Pranking actor admits using film to harm Trump in 2020 election

A filmmaker and actor known for his embarrassing pranks on unsuspecting victims admits his latest movies was meant to influence the 2020 election.

Sacha Baron Cohen, who also is facing a $95 million damage claim for pranking former Alabama Supreme Court Chief Justice Roy Moore, was interviewed by NPR.

“I felt I had to get this movie out before the election,” he said.

Cohen’s “Borat” sequel was “intended to function as a multimillion-dollar contribution to Joe Biden’s presidential campaign,” said The Federalist.

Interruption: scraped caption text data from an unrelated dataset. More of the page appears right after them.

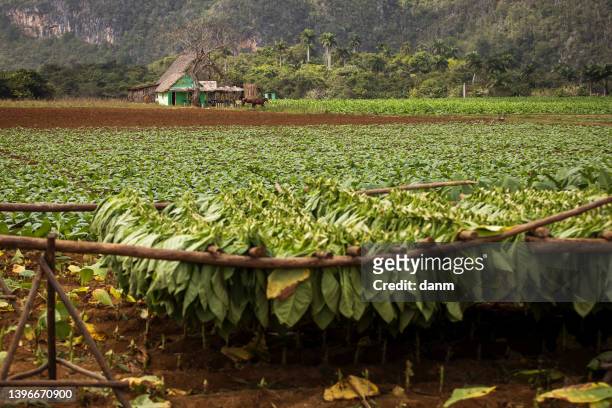 tobacco farmers collecting tobacco leaves in a beautiful green landscape with a local house in background. vinales, cuba"n - viñales cuba fotografías e imágenes de stock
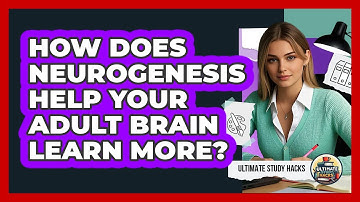 How Does Neurogenesis Help Your Adult Brain Learn More? - Ultimate Study Hacks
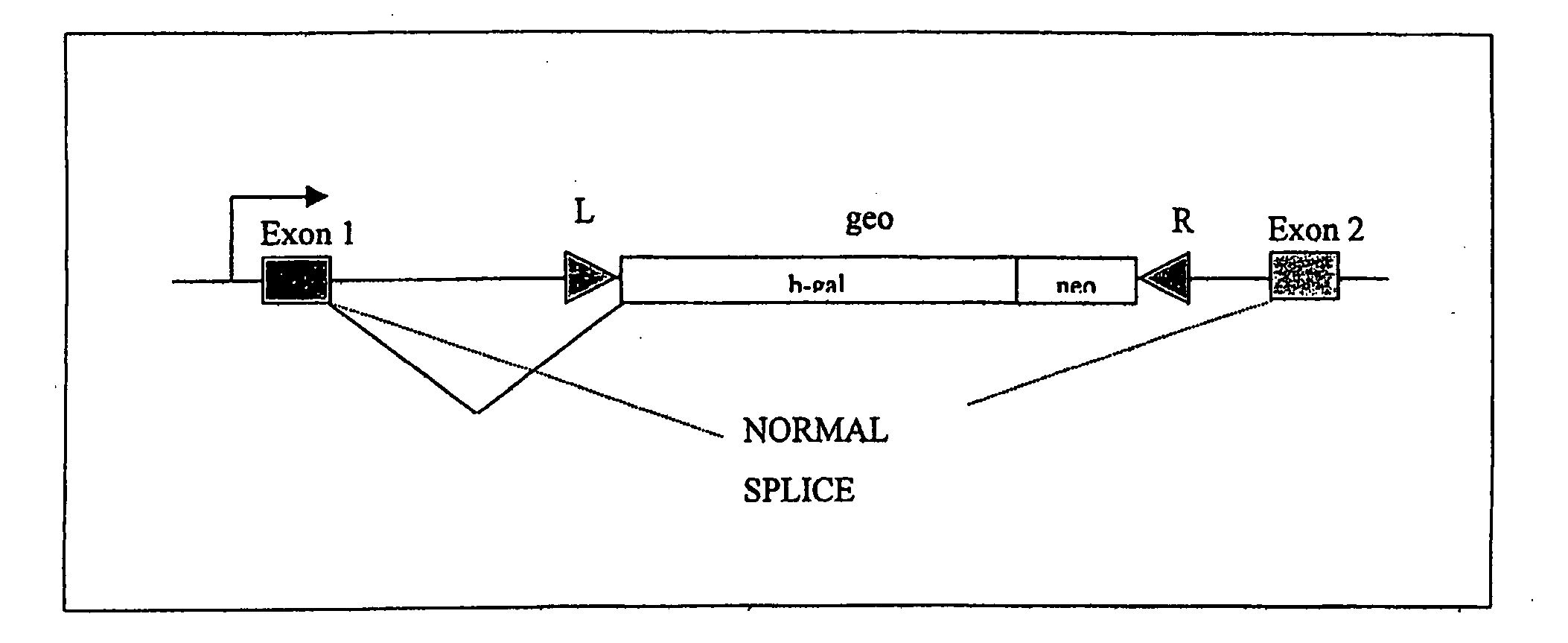 Insertional mutagenesis technique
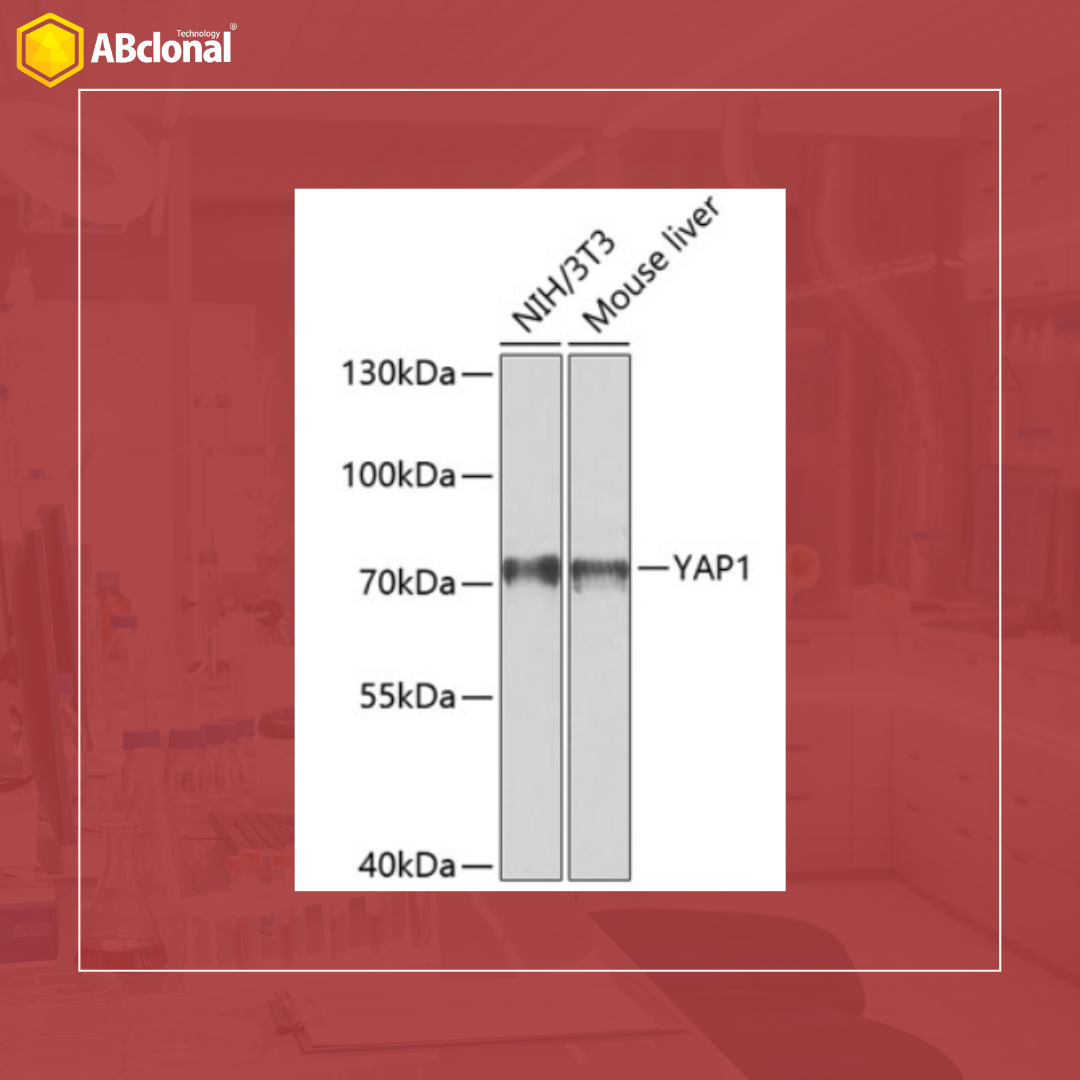 NIH Antibody 3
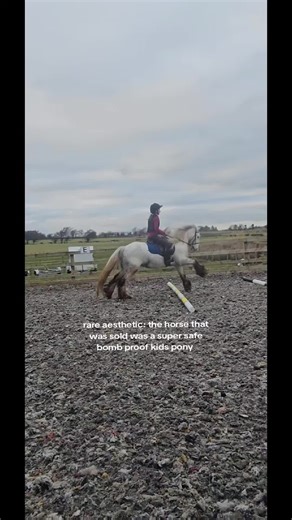 😭#equestrian #fyp#pony#viral#equine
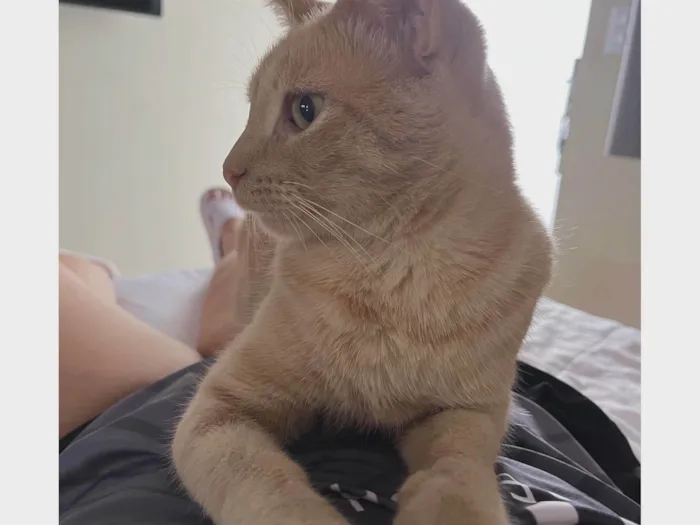 Gato ra a SRD-ViraLata idade 1 ano nome Ron Wesley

“And Amazon distributed it.”

His character, a “dimwitted, anti-Semistic, sexist TV journalist from Kazakhstan,” according to WAMU, pranked Rudy Giuliami, who at the time was President Trump’s personal lawyer.

“I felt very clearly from the start of the administration that we were heading toward authoritarianism,” Cohen said in the interview. “I was terrified that if Trump got in again, that America would be a democracy in name only.”

However, this week a prominent feminist, Naomi Wolf, warned that America, under President Joe Biden, has never has been closer to being an authoritarian regime.

Cohen said, “We had to do what we could to inspire people to vote and remind people of the immorality of the government prior to the election.”

The Federalist said Cohen is “exemplifying the cliche about ‘saying the quiet part out loud,’ a statement on how comfortable the entertainment industry is with its own politics. We know Hollywood uses art for political purposes, and we know Hollywood leans so far left it can barely stand anymore. That’s all fine, art and politics can and should be a powerful combination. Partisan art, however, tends to fall flat, hampered by its necessary blindness to one side’s problems.”

Cohen said that “undermining one of Trump’s inner circle” is morally justifiable.

Attorney Larry Klayman is representing Moore in his defamation case against Cohen, who has been ordered by a judge to deliver answers in discovery that could lead up to a trial.

Cohen tricked Moore into a prank interview two years ago in which he held a purported “pedophile-detection” wand, which he said would beep in the presence of a pedophile.

Moore agreed to appear when Cohen claimed in advance of the interview that Moore was to receive an award for supporting Israel.